(Data segment)

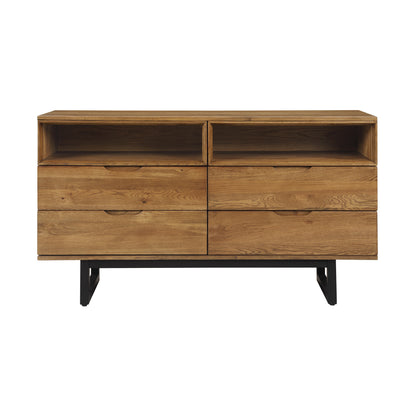 Commode double à quatre tiroirs en bois massif brun de 59 po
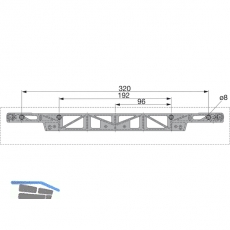 HETTICH SYSTEMA TOP 2000 Blendenanbindung mit Zapfen, Einbaubreite 392 mm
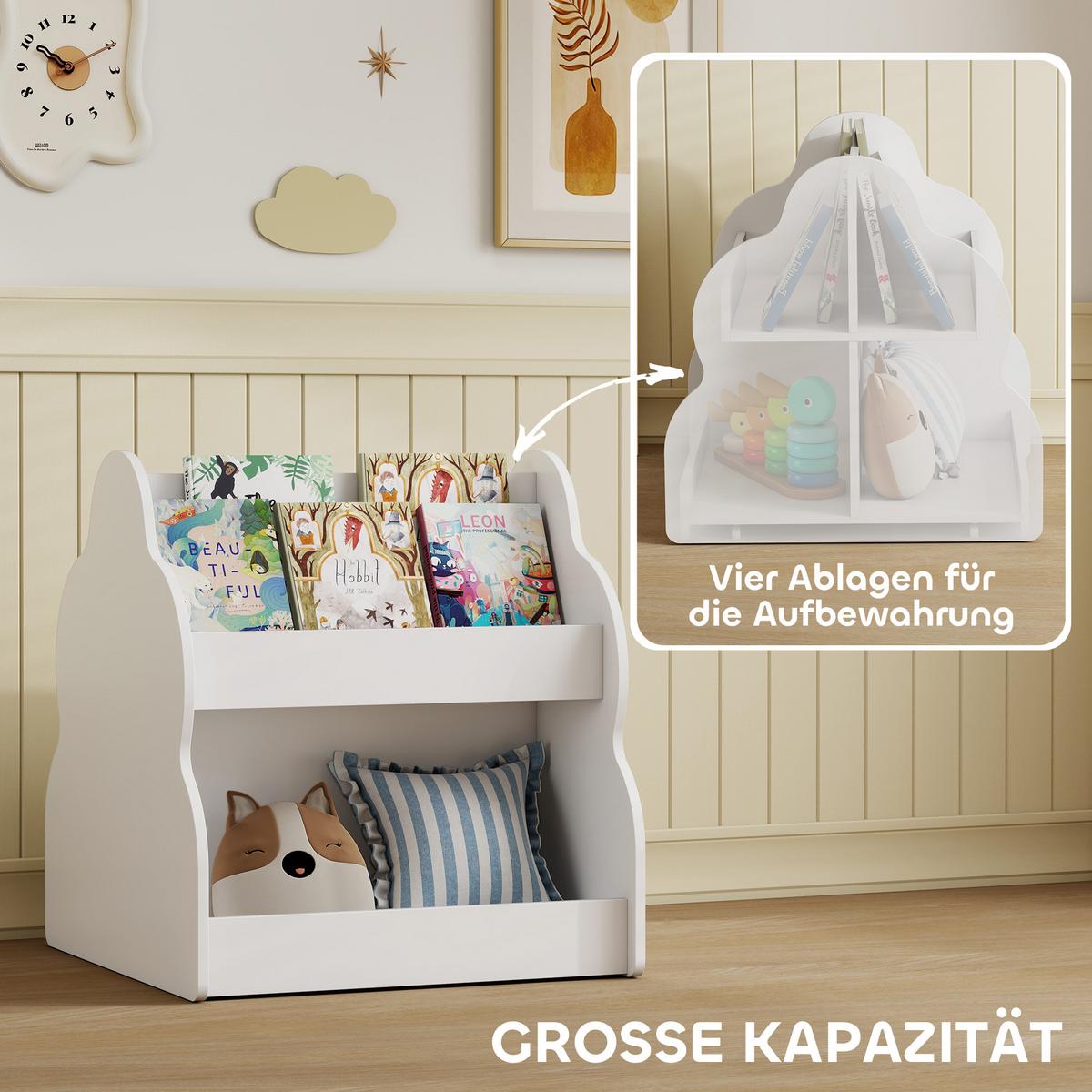 KINDER-BÜCHERREGAL mit Rädern 4 Regalen - Weiß, Holzwerkstoff (54/56/50cm) - AIYAPLAY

(End Data segment)

Copy out the full material exactly. Pictures should not appear in it.

 Commode double à quatre tiroirs en bois massif brun de 59 po
 HETTICH SYSTEMA TOP 2000 Blendenanbindung mit Zapfen, Einbaubreite 392 mm
 KINDER-BÜCHERREGAL mit Rädern 4 Regalen - Weiß, Holzwerkstoff (54/56/50cm) - AIYAPLAY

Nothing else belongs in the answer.